Либескинд стремился пробудить архитектурными средствами комплекс трагических переживаний и мыслей, сопоставимый с тем, что заставляет евреев стенать у Стены плача в Иерусалиме. Стена плача сама по себе не святыня, но это след погибшей, невосстановимой святыни – храма. Вряд ли случайно высота стены Еврейского музея – девятнадцать метров – совпадает с высотой Стены плача. Изломанная форма стены Либескинда, не позволяющая видеть ее целиком, невольно воспринимается не как нечто исходно существовавшее, а как результат чудовищных деформирующих усилий.

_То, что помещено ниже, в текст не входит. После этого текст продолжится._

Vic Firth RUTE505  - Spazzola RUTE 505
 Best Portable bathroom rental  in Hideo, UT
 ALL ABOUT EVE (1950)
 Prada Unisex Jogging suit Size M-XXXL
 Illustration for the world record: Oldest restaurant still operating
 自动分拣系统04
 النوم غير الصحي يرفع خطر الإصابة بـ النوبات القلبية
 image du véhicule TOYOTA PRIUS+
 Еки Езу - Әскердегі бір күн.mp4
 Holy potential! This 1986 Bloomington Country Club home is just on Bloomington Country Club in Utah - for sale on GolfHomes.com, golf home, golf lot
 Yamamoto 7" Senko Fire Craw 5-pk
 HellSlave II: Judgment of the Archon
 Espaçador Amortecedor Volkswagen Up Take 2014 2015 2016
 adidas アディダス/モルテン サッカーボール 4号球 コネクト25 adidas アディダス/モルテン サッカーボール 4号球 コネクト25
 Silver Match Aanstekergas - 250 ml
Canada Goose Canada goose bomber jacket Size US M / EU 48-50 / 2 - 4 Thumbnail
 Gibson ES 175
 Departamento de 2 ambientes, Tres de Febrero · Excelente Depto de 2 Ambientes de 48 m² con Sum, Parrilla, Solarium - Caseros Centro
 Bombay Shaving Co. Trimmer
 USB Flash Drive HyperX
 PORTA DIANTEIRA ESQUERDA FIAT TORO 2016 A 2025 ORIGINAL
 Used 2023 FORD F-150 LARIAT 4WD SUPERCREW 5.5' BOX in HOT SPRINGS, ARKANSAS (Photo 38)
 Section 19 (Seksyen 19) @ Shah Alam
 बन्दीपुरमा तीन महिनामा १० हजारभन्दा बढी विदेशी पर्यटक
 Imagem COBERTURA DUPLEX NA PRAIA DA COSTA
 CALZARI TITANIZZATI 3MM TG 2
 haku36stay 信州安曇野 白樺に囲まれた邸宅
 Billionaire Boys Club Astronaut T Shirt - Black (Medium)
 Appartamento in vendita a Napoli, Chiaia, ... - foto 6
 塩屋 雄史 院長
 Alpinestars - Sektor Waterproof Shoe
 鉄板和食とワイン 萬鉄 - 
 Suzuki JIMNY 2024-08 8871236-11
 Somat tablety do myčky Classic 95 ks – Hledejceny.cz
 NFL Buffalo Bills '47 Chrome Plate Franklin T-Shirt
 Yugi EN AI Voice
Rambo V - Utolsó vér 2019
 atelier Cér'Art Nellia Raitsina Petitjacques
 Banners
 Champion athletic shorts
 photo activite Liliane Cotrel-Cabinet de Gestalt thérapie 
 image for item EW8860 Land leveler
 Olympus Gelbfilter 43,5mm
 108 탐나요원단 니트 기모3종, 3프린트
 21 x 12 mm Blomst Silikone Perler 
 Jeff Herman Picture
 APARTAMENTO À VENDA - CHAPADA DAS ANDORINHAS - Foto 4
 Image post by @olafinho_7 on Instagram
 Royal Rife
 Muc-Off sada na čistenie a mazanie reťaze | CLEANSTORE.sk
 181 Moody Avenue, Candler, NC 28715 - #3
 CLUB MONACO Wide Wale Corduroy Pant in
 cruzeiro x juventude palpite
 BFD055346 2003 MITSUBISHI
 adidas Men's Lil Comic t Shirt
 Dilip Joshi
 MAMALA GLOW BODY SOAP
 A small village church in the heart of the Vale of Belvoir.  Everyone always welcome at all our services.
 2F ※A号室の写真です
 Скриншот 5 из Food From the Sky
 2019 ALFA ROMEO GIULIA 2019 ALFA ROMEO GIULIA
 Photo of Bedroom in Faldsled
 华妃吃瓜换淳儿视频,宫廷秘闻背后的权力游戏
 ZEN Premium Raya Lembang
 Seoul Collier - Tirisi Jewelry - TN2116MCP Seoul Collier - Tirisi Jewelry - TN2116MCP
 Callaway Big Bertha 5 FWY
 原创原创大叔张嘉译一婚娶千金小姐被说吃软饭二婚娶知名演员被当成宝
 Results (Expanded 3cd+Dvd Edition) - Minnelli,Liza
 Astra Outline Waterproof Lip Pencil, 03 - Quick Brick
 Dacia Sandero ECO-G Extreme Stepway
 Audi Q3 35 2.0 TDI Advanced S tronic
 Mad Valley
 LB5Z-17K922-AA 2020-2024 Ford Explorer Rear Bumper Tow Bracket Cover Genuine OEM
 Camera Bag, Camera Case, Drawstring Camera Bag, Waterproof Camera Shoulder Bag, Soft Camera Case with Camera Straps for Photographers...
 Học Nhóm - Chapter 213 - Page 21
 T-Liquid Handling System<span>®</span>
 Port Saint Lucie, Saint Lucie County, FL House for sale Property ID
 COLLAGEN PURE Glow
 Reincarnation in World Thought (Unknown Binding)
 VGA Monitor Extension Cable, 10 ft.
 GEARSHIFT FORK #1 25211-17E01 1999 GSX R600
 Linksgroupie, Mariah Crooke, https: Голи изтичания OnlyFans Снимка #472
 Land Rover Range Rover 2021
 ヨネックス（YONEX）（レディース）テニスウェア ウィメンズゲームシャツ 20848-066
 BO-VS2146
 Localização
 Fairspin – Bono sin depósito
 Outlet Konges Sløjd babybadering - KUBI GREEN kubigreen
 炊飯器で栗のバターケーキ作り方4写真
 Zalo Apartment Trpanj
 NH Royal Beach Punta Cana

Либескинд говорит, что форма его стены – это расчлененная звезда Давида, отрезки которой ложатся на линии, соединяющие точки в Берлине, откуда евреев отправляли в лагеря смерти764. Всякий, кто не утратил способности к эмпатии, переносит архитектурную метафору Либескинда на себя и на отчаянное положение берлинских евреев при нацистах.
Стена размежевывает и противопоставляет друг другу объекты, вошедшие в состав Еврейского музея. С севера к ней почти вплотную примыкает здание Судебной палаты, на скатах фронтона которого ныне, как и за двести лет до прихода нацистов к власти, общаются между собой аллегорические фигуры Милосердия и Правосудия. С юга Либескинд построил еще два сравнительно небольших объекта. Ближе к Линденштрассе стоит Башня Холокоста – трапециевидная в плане бетонная призма девятнадцатиметровой высоты, вторгающаяся острым ребром в поле зрения прохожего. Немного поодаль – Сад Изгнания, репрезентирующий депортацию евреев из Германии: квадрат, обрамляющий бетонным парапетом сорок девять (семь на семь) квадратного сечения пилонов, на каждом из которых растет по масличному дереву; пилоны наклонились на север, как если бы их невидимое общее основание осело из‐за неравномерной осадки грунта. Есть нечто беспомощное в этом наклоне, ассоциирующееся с судном, которое вот-вот пойдет ко дну. И все-таки остается у мореплавателей, терпящих бедствие, надежда на спасение. Я воспринимаю Башню Холокоста и Сад Изгнания как антитезы аллегорическим фигурам на фасаде Судебной палаты. Либескинд показывает, что история евреев в истории Берлина первой половины ХХ века – это трагический маятник между Милосердием и Жестокостью, между Правосудием и Преступлением.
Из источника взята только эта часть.